Throw Like A Girl
Page 27
“Stop it,” I said.
She flicked her cigarette lighter open and held it up like a torch. “I want to be burned alive,” she announced. “An inch at a time.”
“Give me that thing and sit back down.”
“A ceremonial thing, a kind of performance art thing. A holy barbecue.”
I slapped the lighter out of her hand and it skittered sideways across the floor. A man sitting at the other end of the bar retrieved it and brought it back to Janey. “Thank you,” she told him. “You have a kind face.”
I said, “If you’re trying for pathetic spectacle, this is the way to go about it.”
She started bawling again. People were looking at her. I was aware of the bartender standing in some calculated, professional proximity. “It’s all right,” I told him. “We just haven’t seen each other in a really long time.” He put the check down in front of us and walked away.
I got Janey out of there, and we went up to my room, and drank some more, and talked some more, and we were sorry about everything. There’s something about people you knew when you were young that lets you fall back on that early common ground and retrace your steps to the present.

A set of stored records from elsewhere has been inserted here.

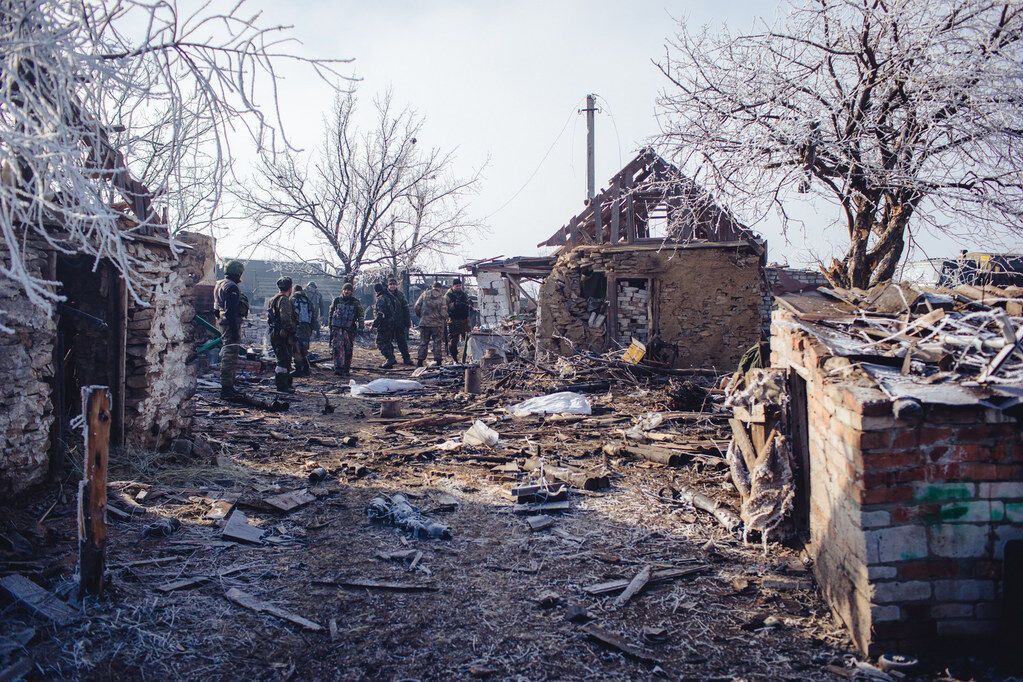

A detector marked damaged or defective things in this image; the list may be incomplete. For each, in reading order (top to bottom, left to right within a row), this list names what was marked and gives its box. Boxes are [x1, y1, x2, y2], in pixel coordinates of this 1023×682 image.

broken timber [78, 388, 111, 596]
burned structure [0, 226, 213, 496]
burned structure [536, 151, 768, 370]
burned structure [736, 282, 1023, 652]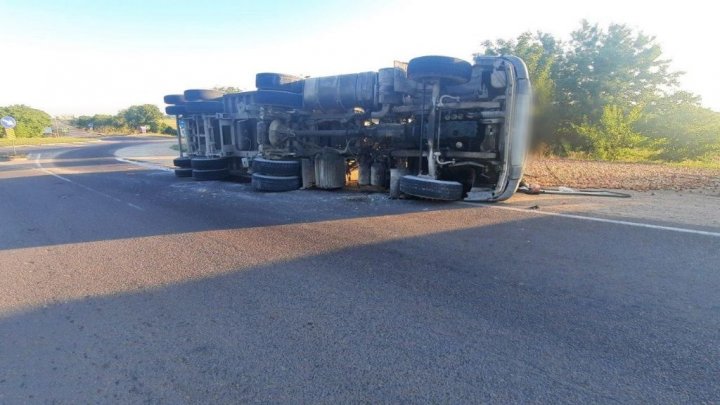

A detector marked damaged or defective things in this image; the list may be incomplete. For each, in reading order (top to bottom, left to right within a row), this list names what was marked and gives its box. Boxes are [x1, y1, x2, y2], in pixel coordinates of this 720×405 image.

overturned truck [166, 55, 532, 200]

Janey passed out on the other bed. When I got up to get ready for my flight, she was still asleep. I was out of the shower, I was already dressed and packing when she sat up, wild-haired and blinking. “Apache mouth,” she croaked, and I got her a glass of water. She got up to go to the bathroom. When she came out, she flopped onto the bed again, face down in the pillows. “What time’s checkout?”
“Noon, I’m pretty sure.”
“I’m going back to sleep.”
“Don’t you have to go to work?” I said, but she waved that away. “You drink too much.”
“Yeah. You’re probably right.”
“Don’t just agree with me. Do something about it.”
“Glib. You were always glib.”
“This isn’t about me.” I waited, but she didn’t come back with anything. “Go to a doctor. Go to AA. Start somewhere.”
“Oh what do you care what I do. You only drop in every ten years or so.”
“I will come back next month and kick your drunk ass down the stairs.”
Janey rolled over and refocused her eyes to peer at me. “I guess we’re stuck with each other, huh?”
“Not if you don’t get your stupid act together.”
“God, you’re a pain. Kiss kiss hug hug.” Janey buried her face in the pillows again, and I wrestled my suitcases out the door.
After that, I’d call or Janey would call. She started going to AA. She said she didn’t buy into all of it, the praying parts, mostly, but it was all right. She hadn’t had a drink for a couple of months. She was losing weight and her brain felt less like an old sofa with sagging spots where the springs were giving way. I said that maybe she could find herself a nice recovering alcoholic boyfriend. Janey said call her a snob, but she wanted to steer clear of guys who lived in their vehicles or at the YMCA.
“Besides,” Janey said, “we should quit talking about boys all the time, it’s dumb. We’re getting to an age where some fantasies are insupportable.”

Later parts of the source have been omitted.